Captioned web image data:

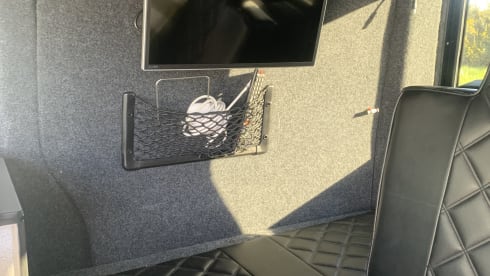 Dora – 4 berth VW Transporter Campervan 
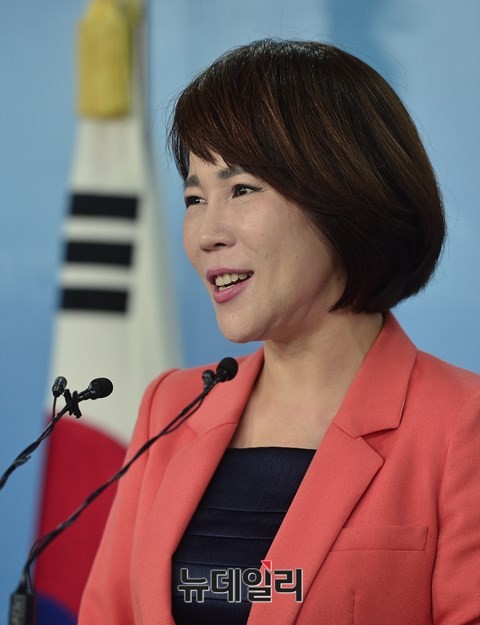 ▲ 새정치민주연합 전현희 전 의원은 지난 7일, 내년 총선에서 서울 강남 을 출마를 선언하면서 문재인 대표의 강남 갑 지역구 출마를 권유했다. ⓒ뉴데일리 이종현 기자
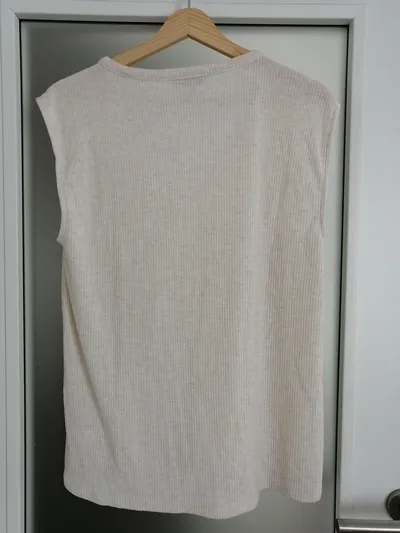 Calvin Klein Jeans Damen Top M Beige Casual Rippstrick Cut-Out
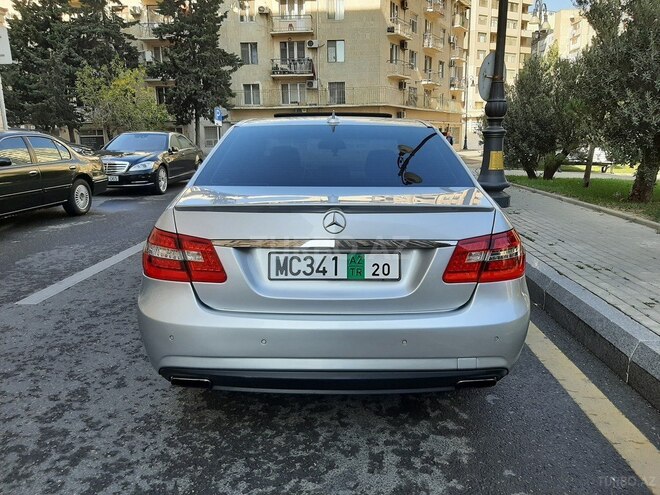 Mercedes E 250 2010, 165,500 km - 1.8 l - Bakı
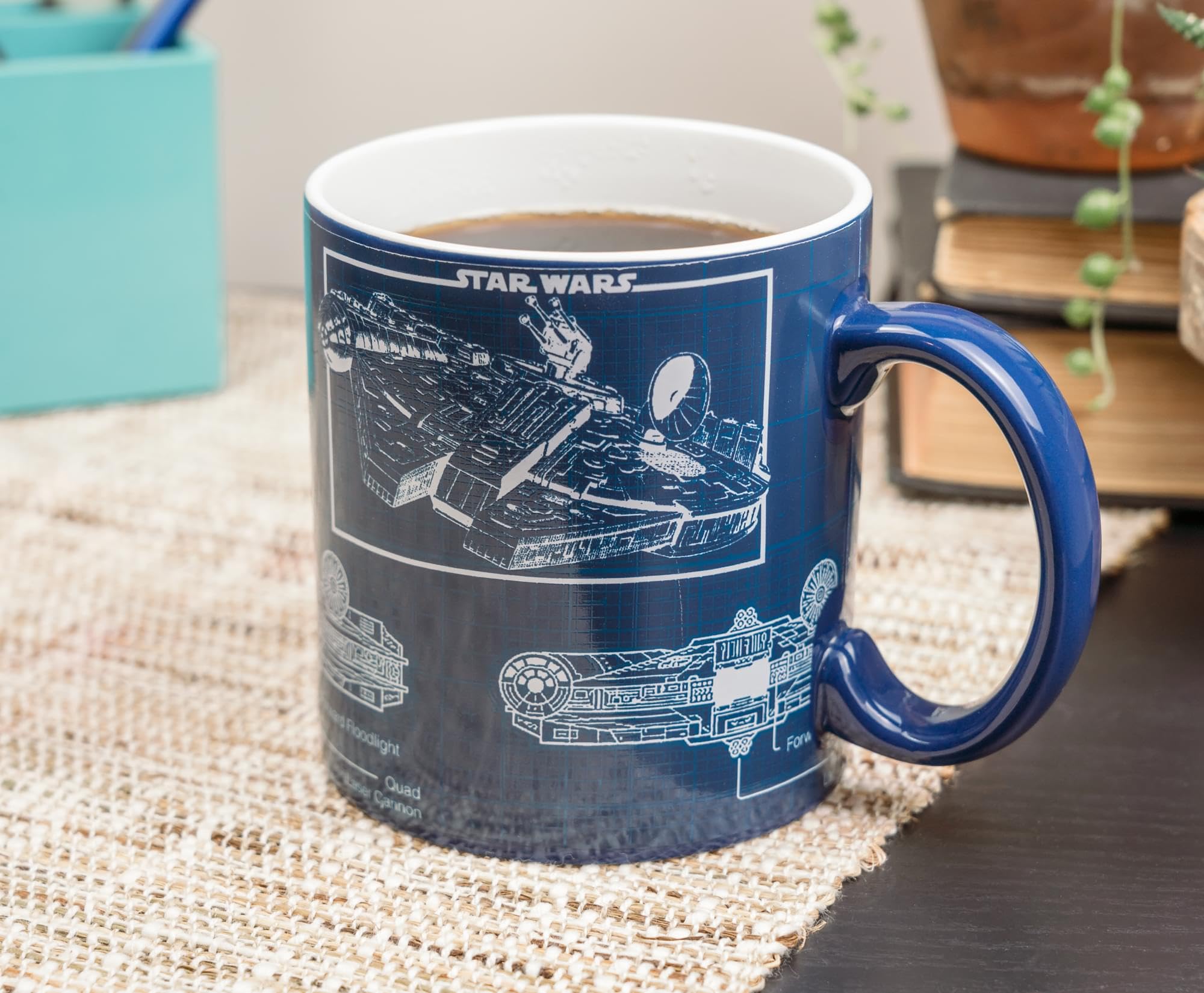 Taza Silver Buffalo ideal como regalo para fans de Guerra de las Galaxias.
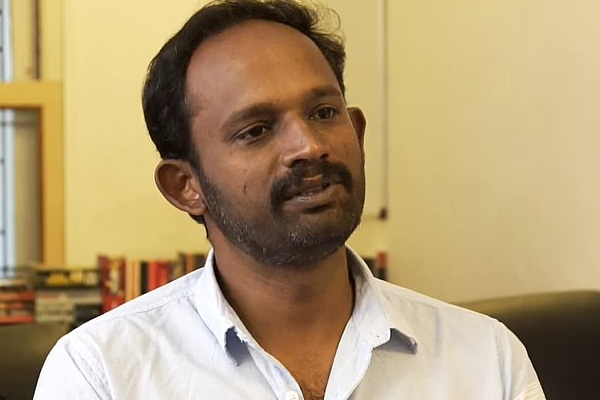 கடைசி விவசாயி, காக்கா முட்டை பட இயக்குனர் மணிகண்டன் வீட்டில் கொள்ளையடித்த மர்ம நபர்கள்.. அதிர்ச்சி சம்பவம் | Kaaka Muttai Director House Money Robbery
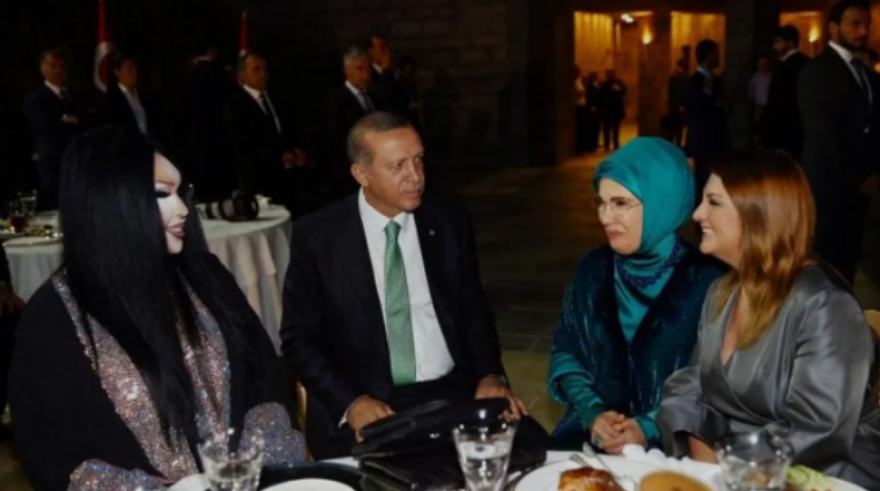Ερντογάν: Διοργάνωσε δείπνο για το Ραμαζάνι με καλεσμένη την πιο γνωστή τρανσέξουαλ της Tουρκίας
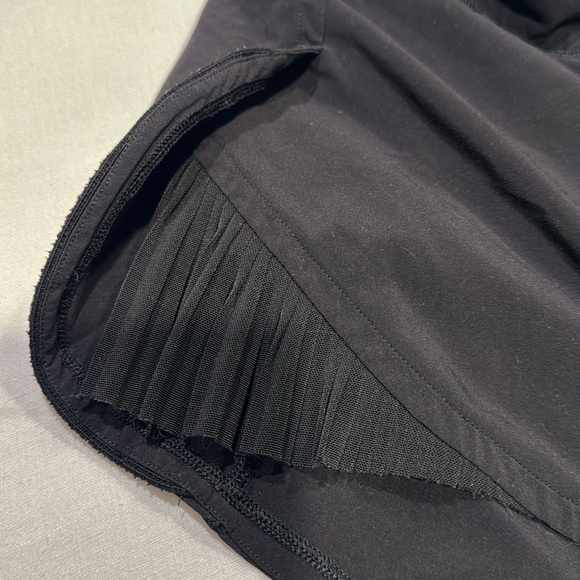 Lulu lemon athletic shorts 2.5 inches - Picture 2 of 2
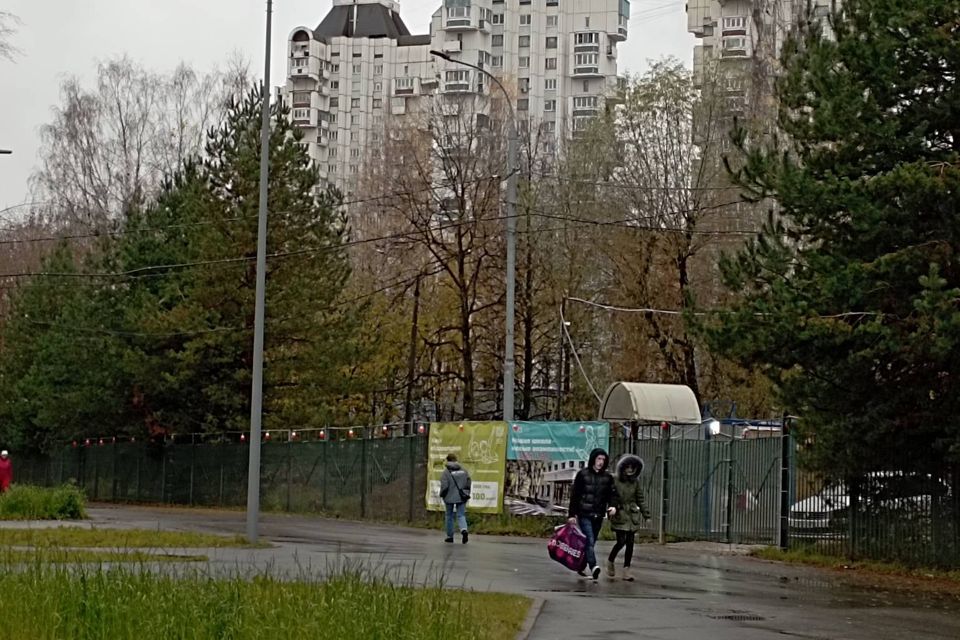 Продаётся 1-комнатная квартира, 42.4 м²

What needs to be done
Set down the lines from the one containing "Ερντογάν: Διοργάνωσε δείπνο" through the last line of the records above, both included, exactly as they appear and with no other text. Pictures should not be set down.

Solution to this exercise
Ερντογάν: Διοργάνωσε δείπνο για το Ραμαζάνι με καλεσμένη την πιο γνωστή τρανσέξουαλ της Tουρκίας
 Lulu lemon athletic shorts 2.5 inches - Picture 2 of 2
 Продаётся 1-комнатная квартира, 42.4 м²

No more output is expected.